Preliminary chemical properties study on addition of titanium dioxide nanoparticles into double layer polysulfone substrate for desalination process / Siti Nur Syakila Zulaikha Shahabuddin

As the global population continues to grow, the demand for freshwater resources is increasing. Desalination has become an essential method for obtaining potable water with substrate technology playing a crucial role due to its efficiency, low energy consumption and chemical resistance. In this study, a double-layered polysulfone (PSf) substrate incorporated with 0.02% titanium dioxide (TiO?) nanoparticles was fabricated and tested for its chemical stability in desalination applications. The substrate was prepared using 15% polysulfone (PSf), 5% polyvinylpyrrolidone (PVP) and 84.5% N-methyl-2-pyrrolidone (NMP), with 0.02% TiO? nanoparticles added to enhance performance. The substrate's resistance to 1M sulfuric acid (H2SO4), 1M sodium hydroxide (NaOH) and 0.1M potassium permanganate (KMnO4) was observed and evaluated over a period of five days. Experimental results indicate that the membrane exhibited strong stability in both acidic and basic conditions that showing minimal physical and structural changes. However, exposure to KMnO4 caused significant degradation and confirming that oxidative agents have a severe impact on substrate structure.
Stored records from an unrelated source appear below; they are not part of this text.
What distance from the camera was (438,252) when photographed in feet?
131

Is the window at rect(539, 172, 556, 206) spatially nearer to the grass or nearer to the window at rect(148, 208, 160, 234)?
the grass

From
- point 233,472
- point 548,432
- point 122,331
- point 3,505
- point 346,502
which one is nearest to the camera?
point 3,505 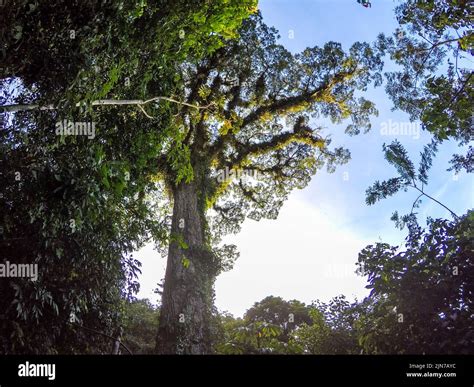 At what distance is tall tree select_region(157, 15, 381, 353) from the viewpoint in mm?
12336

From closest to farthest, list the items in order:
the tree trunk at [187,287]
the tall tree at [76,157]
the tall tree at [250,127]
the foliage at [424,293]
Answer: the tall tree at [76,157]
the foliage at [424,293]
the tree trunk at [187,287]
the tall tree at [250,127]

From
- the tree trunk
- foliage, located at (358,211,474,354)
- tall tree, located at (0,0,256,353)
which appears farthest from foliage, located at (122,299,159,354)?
foliage, located at (358,211,474,354)

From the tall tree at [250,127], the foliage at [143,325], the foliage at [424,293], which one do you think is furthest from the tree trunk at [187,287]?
the foliage at [424,293]

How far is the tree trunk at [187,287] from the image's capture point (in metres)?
9.01

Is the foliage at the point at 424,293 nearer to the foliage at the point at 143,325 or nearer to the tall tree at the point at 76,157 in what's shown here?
the tall tree at the point at 76,157

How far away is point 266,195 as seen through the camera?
16891 mm

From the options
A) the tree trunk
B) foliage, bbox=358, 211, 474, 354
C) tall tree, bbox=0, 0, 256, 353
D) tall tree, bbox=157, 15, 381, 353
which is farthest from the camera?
tall tree, bbox=157, 15, 381, 353

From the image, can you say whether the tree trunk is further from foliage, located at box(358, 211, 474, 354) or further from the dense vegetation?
foliage, located at box(358, 211, 474, 354)

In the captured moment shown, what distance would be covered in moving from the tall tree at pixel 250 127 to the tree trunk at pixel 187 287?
1.7 inches

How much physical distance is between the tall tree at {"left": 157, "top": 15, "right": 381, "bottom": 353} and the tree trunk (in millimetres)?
43

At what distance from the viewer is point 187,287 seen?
10.1 meters

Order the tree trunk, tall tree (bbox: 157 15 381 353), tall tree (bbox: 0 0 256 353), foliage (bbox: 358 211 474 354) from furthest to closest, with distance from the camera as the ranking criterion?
tall tree (bbox: 157 15 381 353) < the tree trunk < foliage (bbox: 358 211 474 354) < tall tree (bbox: 0 0 256 353)

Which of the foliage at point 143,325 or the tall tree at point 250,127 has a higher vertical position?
the tall tree at point 250,127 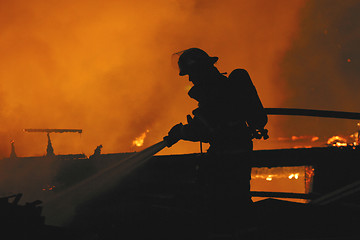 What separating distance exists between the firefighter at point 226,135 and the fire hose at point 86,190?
610mm

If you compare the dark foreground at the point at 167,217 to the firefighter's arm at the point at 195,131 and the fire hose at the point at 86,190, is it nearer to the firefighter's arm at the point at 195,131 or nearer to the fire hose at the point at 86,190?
the fire hose at the point at 86,190

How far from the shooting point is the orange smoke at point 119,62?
3984cm

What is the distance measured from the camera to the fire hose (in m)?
3.89

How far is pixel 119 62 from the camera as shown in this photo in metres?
60.8

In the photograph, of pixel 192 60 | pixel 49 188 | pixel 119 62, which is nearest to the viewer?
pixel 192 60

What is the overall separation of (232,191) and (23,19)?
4249 cm

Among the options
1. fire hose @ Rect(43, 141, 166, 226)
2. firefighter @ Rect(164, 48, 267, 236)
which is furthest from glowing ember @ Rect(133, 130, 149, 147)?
firefighter @ Rect(164, 48, 267, 236)

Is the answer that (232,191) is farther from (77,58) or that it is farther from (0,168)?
(77,58)

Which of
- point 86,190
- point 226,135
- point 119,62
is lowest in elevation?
point 86,190

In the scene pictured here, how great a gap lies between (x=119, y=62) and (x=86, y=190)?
58189 mm

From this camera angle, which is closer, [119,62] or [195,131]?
[195,131]

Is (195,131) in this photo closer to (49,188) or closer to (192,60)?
(192,60)

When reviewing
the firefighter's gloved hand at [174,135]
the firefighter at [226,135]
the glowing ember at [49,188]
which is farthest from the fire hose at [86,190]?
the glowing ember at [49,188]

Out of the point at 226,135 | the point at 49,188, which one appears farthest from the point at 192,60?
the point at 49,188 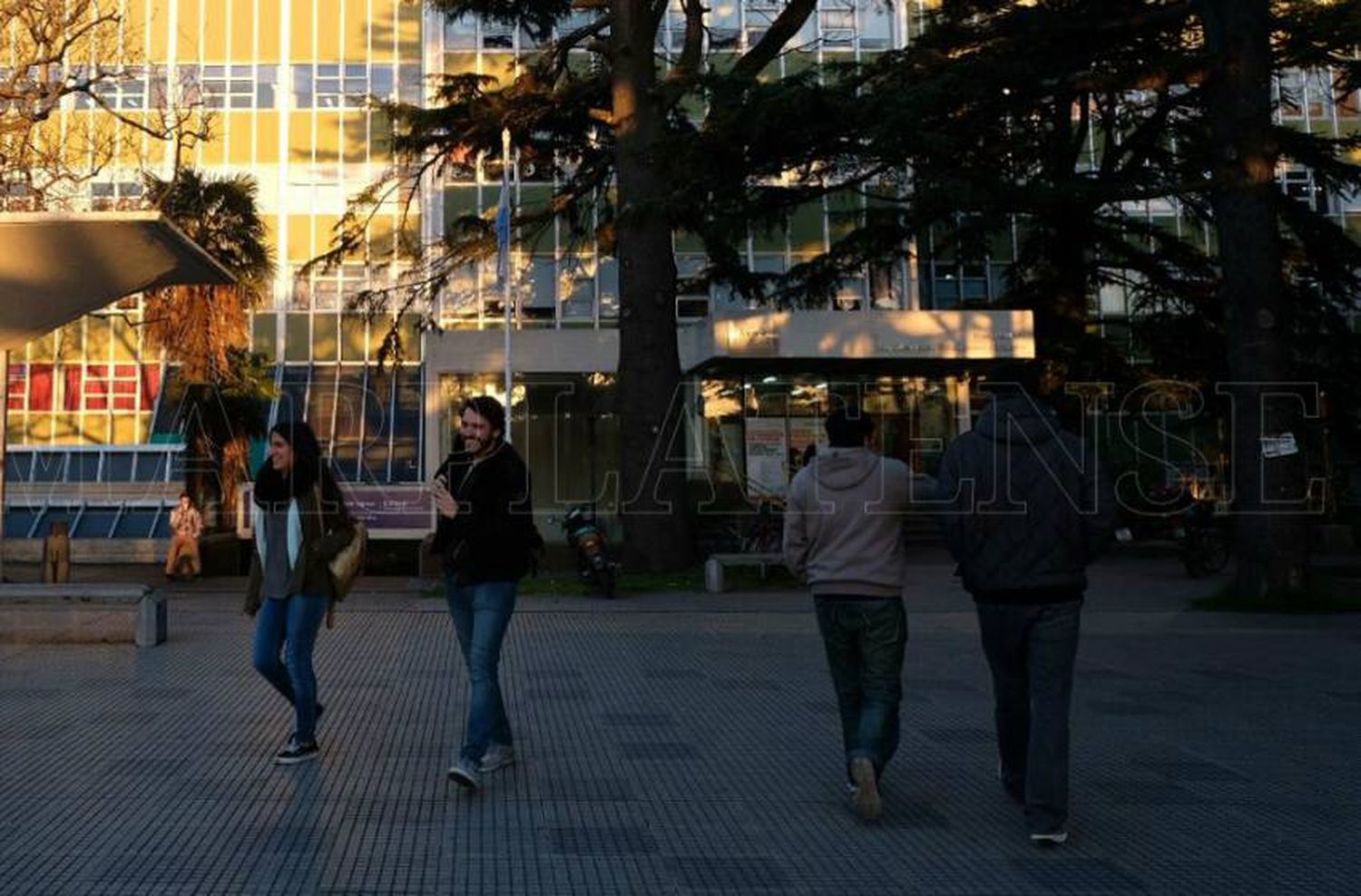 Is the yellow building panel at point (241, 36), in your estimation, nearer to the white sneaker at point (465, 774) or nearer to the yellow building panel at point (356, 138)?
the yellow building panel at point (356, 138)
The study concludes that TiO2-modified polysulfone substrate offer enhanced durability in extreme pH conditions but require further improvements to resist oxidative degradation. Based on these findings, it is recommended that future studies explore alternative polymer blends or surface modifications to enhance oxidation resistance. Additionally, optimizing TiO2 concentration and dispersion methods could further improve substrate performance. Extending the exposure duration and testing under real desalination conditions are also suggested to better simulate long-term applications. These improvements would contribute to the development of more durable and efficient substrate for water treatment and desalination applications.